Supplied data Start Marker
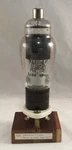 Vintage Electron Vacuum Tube National Power NL-3C23 Transmitting Duo Diode. Fixed Price $49.95.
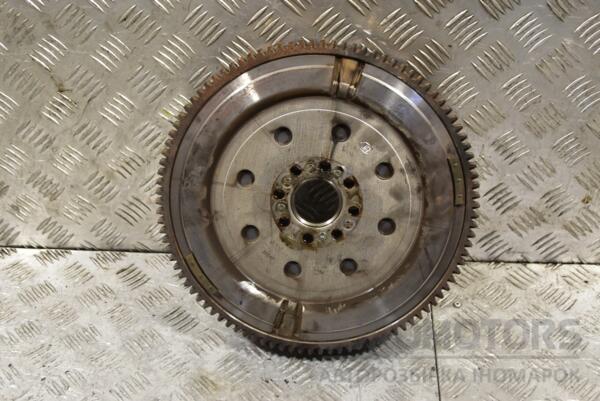 Маховик демпферный Toyota Rav 4 2.0td D-4D 2013 134500R030 282531 - 2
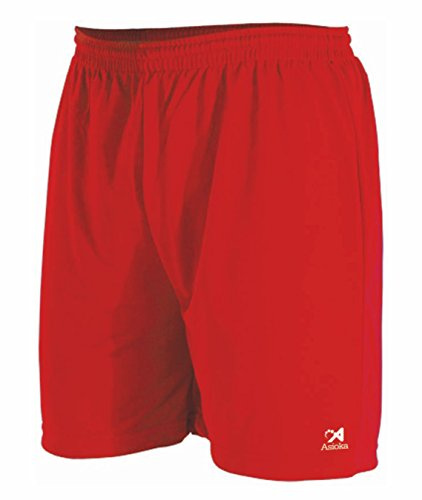 Asioka 90/08n Short Technique de Sport Unisexe pour Enfant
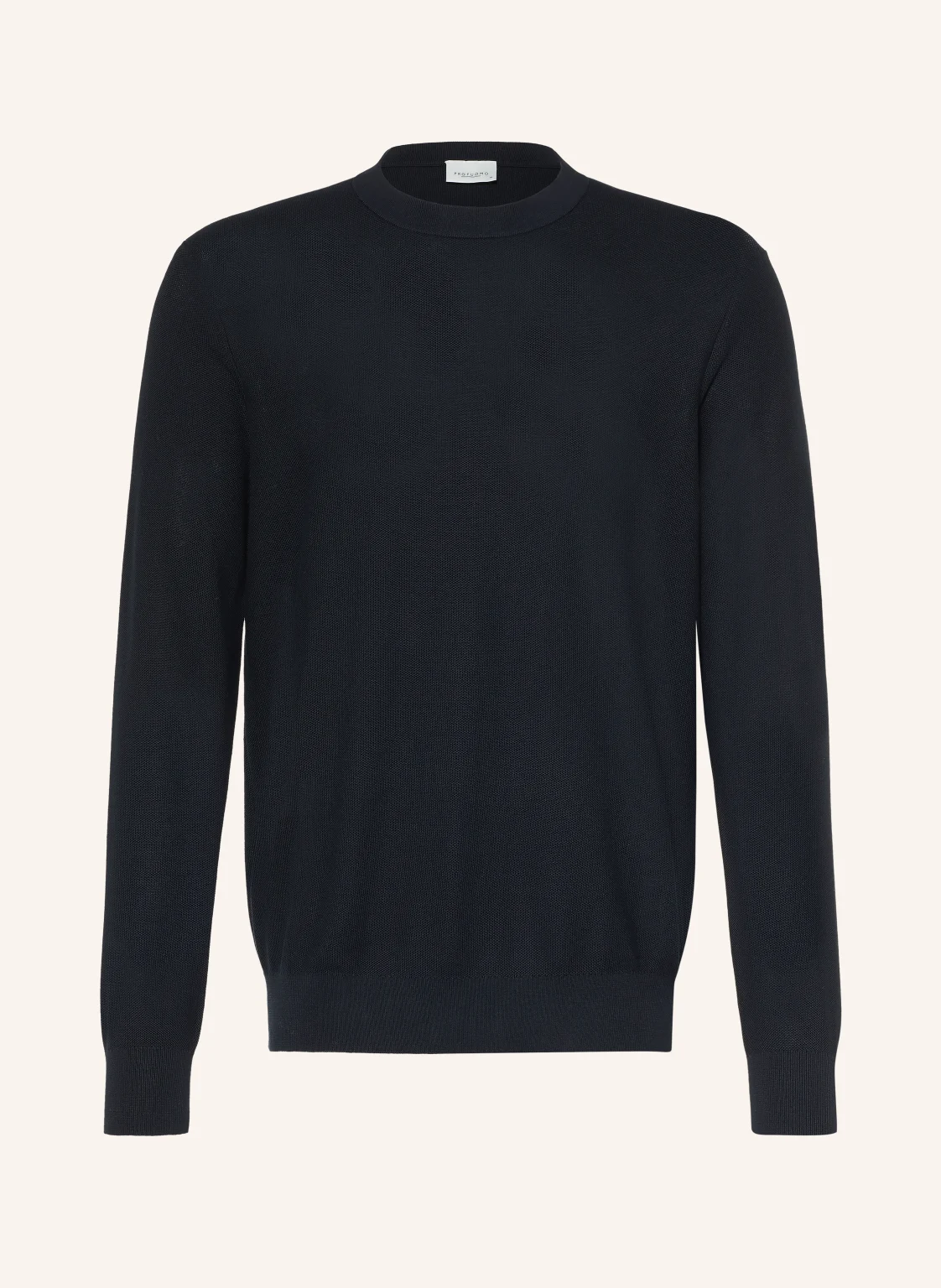 PROFUOMO Pullover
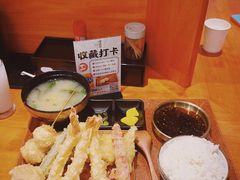-天妇罗内顺田(罗湖店)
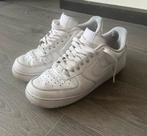 Air force 1, Sneakers, Gedragen, Ophalen of Verzenden, Wit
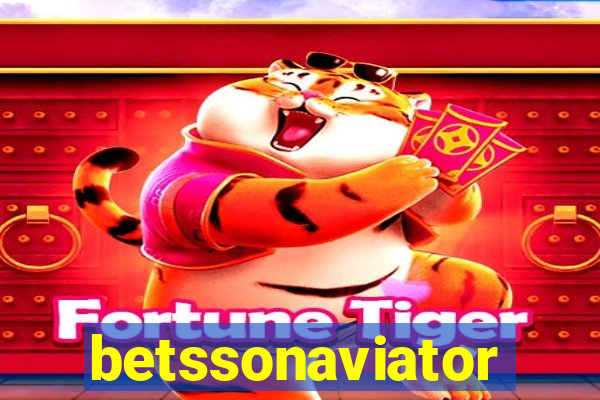 betssonaviator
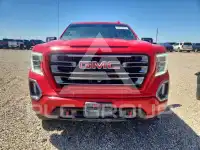 2021 GMC Sierra фото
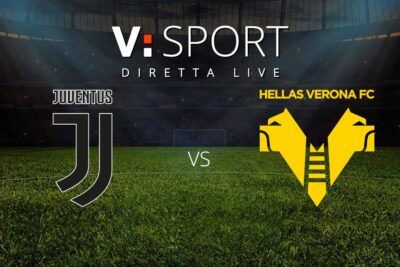 LIVE Juventus-Verona 1-0 Serie A 2024/2025: Sostituzione nel Verona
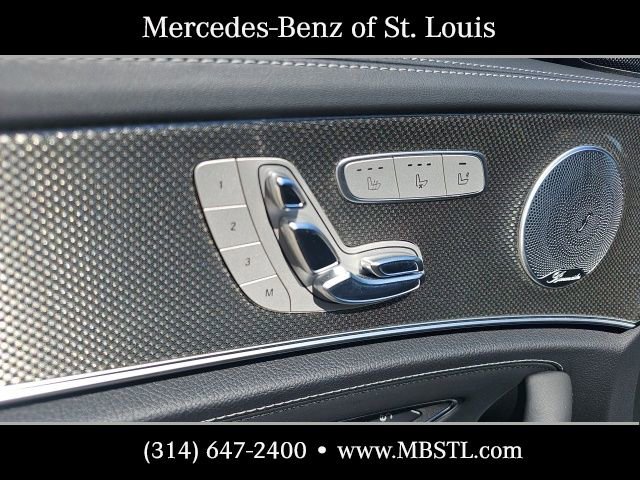Used 2019 Mercedes-Benz E 63 AMG S image 19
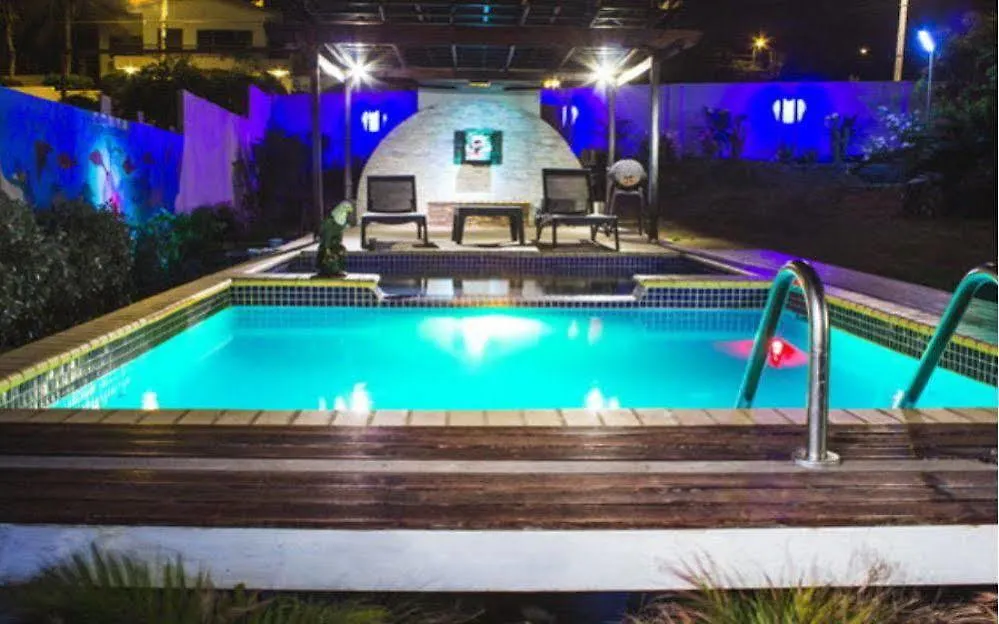 Lilu Apartments Curaçao Buena Vista  0*, Buena Vista (Santa Rosa)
Supplied data End Marker
- **Exercise prompt**
In full and without changes, repeat the listing above, but not its pictures.

- **Output for this exercise**
 Vintage Electron Vacuum Tube National Power NL-3C23 Transmitting Duo Diode. Fixed Price $49.95.
 Маховик демпферный Toyota Rav 4 2.0td D-4D 2013 134500R030 282531 - 2
 Asioka 90/08n Short Technique de Sport Unisexe pour Enfant
 PROFUOMO Pullover
-天妇罗内顺田(罗湖店)
 Air force 1, Sneakers, Gedragen, Ophalen of Verzenden, Wit
 betssonaviator
 2021 GMC Sierra фото
 LIVE Juventus-Verona 1-0 Serie A 2024/2025: Sostituzione nel Verona
Used 2019 Mercedes-Benz E 63 AMG S image 19
 Lilu Apartments Curaçao Buena Vista  0*, Buena Vista (Santa Rosa)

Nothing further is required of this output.